Input data
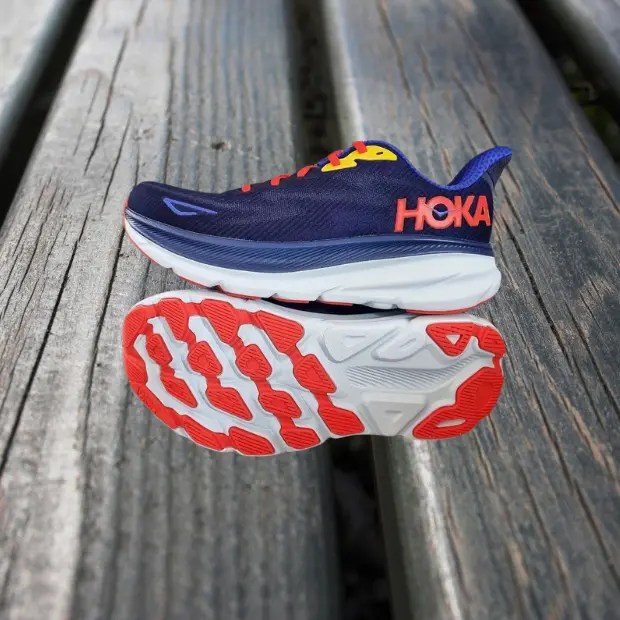 Hoka Arahi vs Clifton 8 Key Differences Trendy Triumph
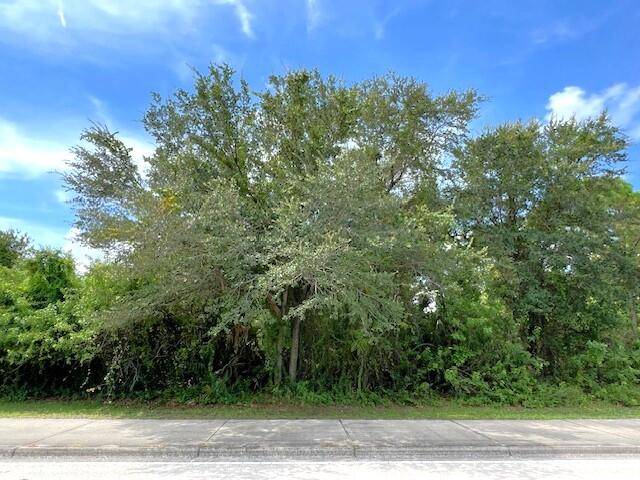 This Becker Rd lot is now available for your new Florida home !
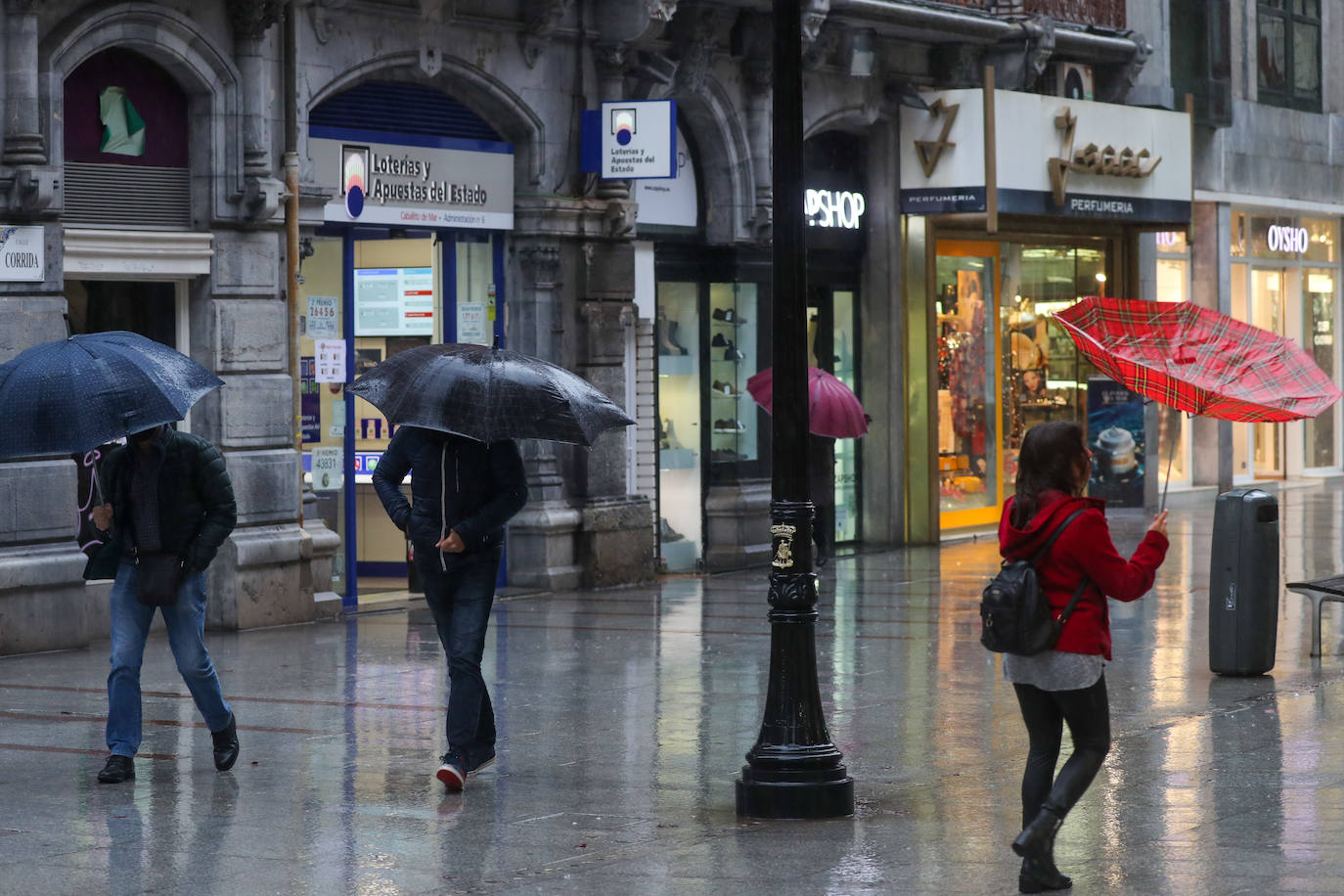 El temporal 'Barra' aún se hace notar en el Cantábrico. Las precipitaciones son persistentes y fuertes, especialmente, en el oriente asturiano. Junto con las rachas de viento, la imagen de la costa asturiana es de grandes olas.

Problem to work on
Transcribe the whole of the data exactly, minus any pictures.

Answer section
 Hoka Arahi vs Clifton 8 Key Differences Trendy Triumph
 This Becker Rd lot is now available for your new Florida home !
 El temporal 'Barra' aún se hace notar en el Cantábrico. Las precipitaciones son persistentes y fuertes, especialmente, en el oriente asturiano. Junto con las rachas de viento, la imagen de la costa asturiana es de grandes olas.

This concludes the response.